I = V/Rl = 1.453/2.50 = 0.5812A.
r = (1.492-1.453)/0.5812 = 0.0671 Ohms = Internal resistance.
r = (1.492-1.453)/0.5812 = 0.0671 Ohms = Internal resistance.
First, let's understand the given information:
- When the battery is not used in a circuit, the voltmeter measures a potential difference of 1.492V across its terminals. This potential difference is known as the EMF of the battery.
- When a 2.50Ω light bulb is connected to the battery, the potential difference across the battery's terminals is 1.453V.

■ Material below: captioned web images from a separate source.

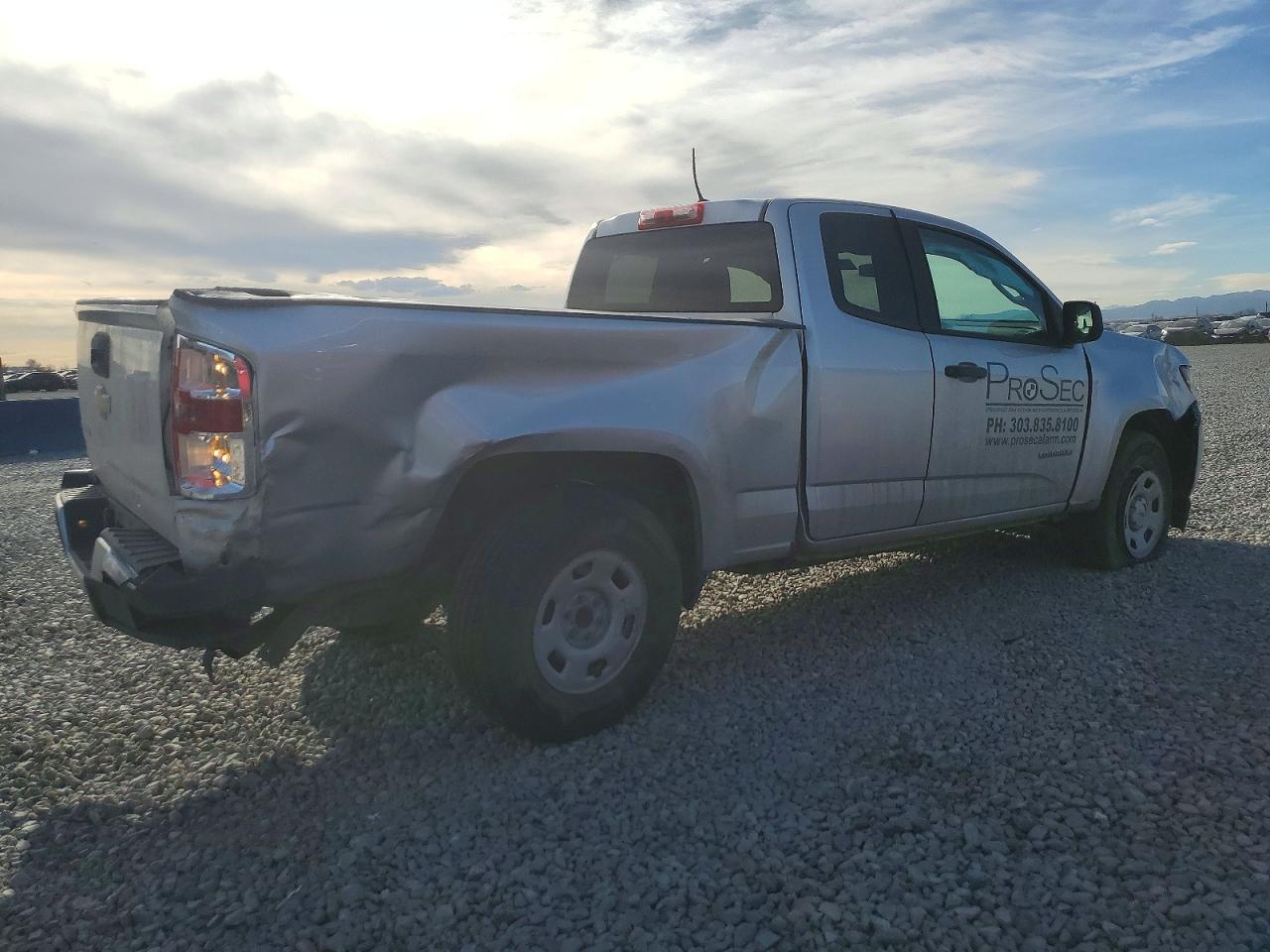 2018 CHEVROLET COLORADO photo 3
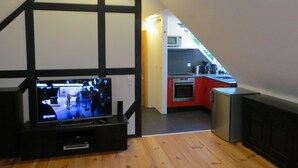 Une cuisine moderne équipée d’un four à micro-ondes, d’une machine à café et d’un four.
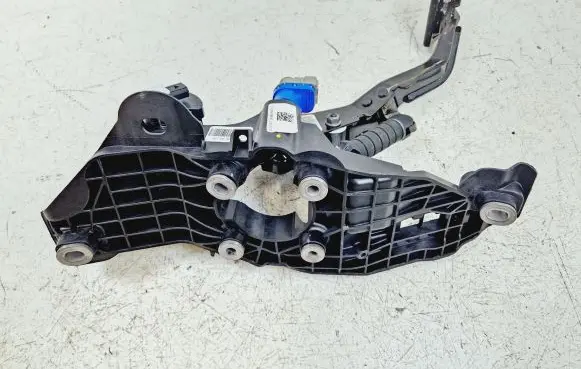 Ford Mondeo MK V Brake pedal DG989F856HD H1714040637E K850E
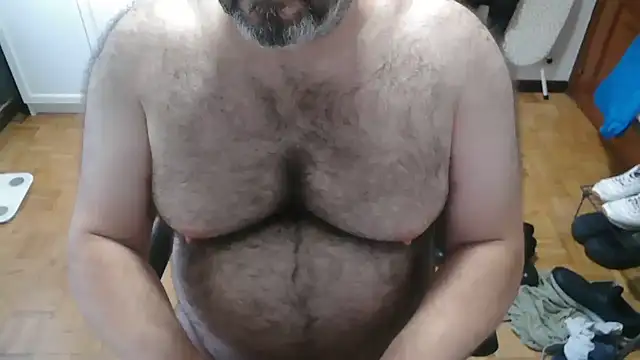 Snapshot of mikeyhotbear chatting on July 5, 5:58 am mikeyhotbear online show from July 5, 5:58 am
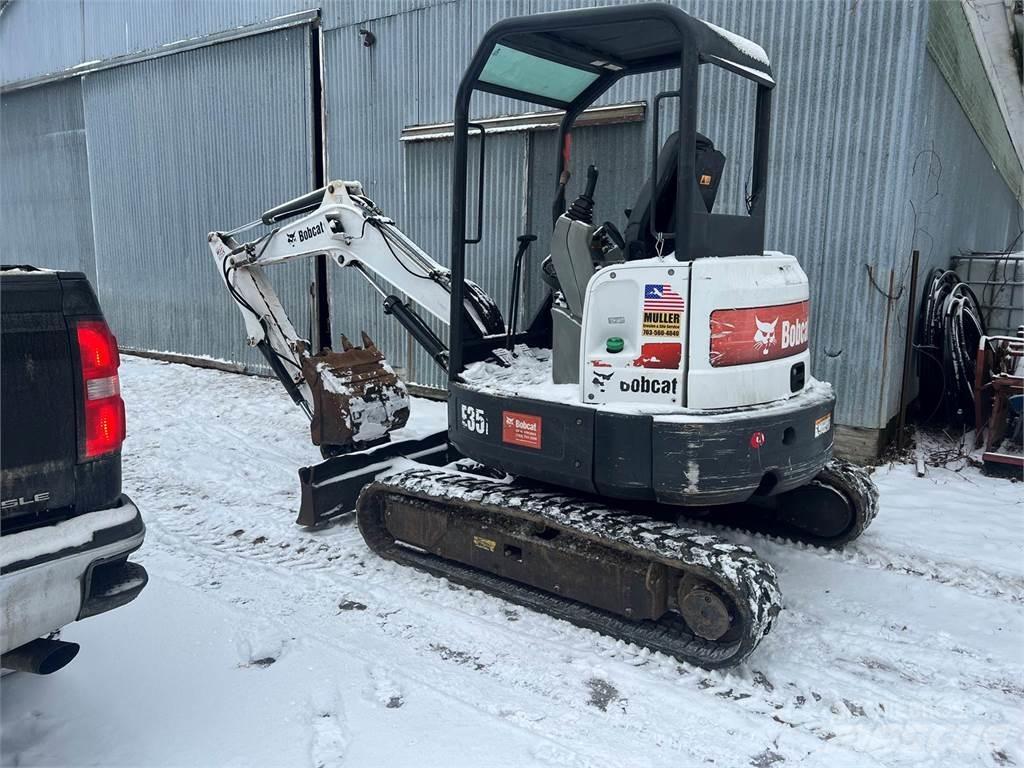 Bobcat E35 小型挖掘机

According to Ohm's Law, the potential difference (V) across a resistor is given by the equation V = I * R, where I is the current flowing through the resistor and R is the resistance of the resistor.
In this case, when the circuit is closed and the light bulb is connected, the potential difference across the battery's terminals (V1) can be calculated as the difference between the EMF of the battery and the potential difference across the resistor:
V1 = EMF - V
Given:
EMF = 1.492V
V = 1.453V
Substituting the values, we get:
V1 = 1.492V - 1.453V
V1 = 0.039V
Now, we need to find the current flowing through the circuit (I) using Ohm's Law:
V1 = I * R
Given:
V1 = 0.039V
R = 2.50Ω
Substituting the values, we can solve for I:
0.039V = I * 2.50Ω
Rearranging the equation:
I = 0.039V / 2.50Ω
I = 0.0156 A (Ampere)
Now, we can use the formula for calculating the internal resistance (r) of the battery:
r = (EMF - V1) / I
Given:
EMF = 1.492V
V1 = 0.039V
I = 0.0156 A
Substituting the values, we can solve for r:
r = (1.492V - 0.039V) / 0.0156 A
Calculating:
r = 1.453V / 0.0156 A
r = 93.15 Ω (Ohm)
Therefore, the internal resistance of the battery is 93.15 Ω.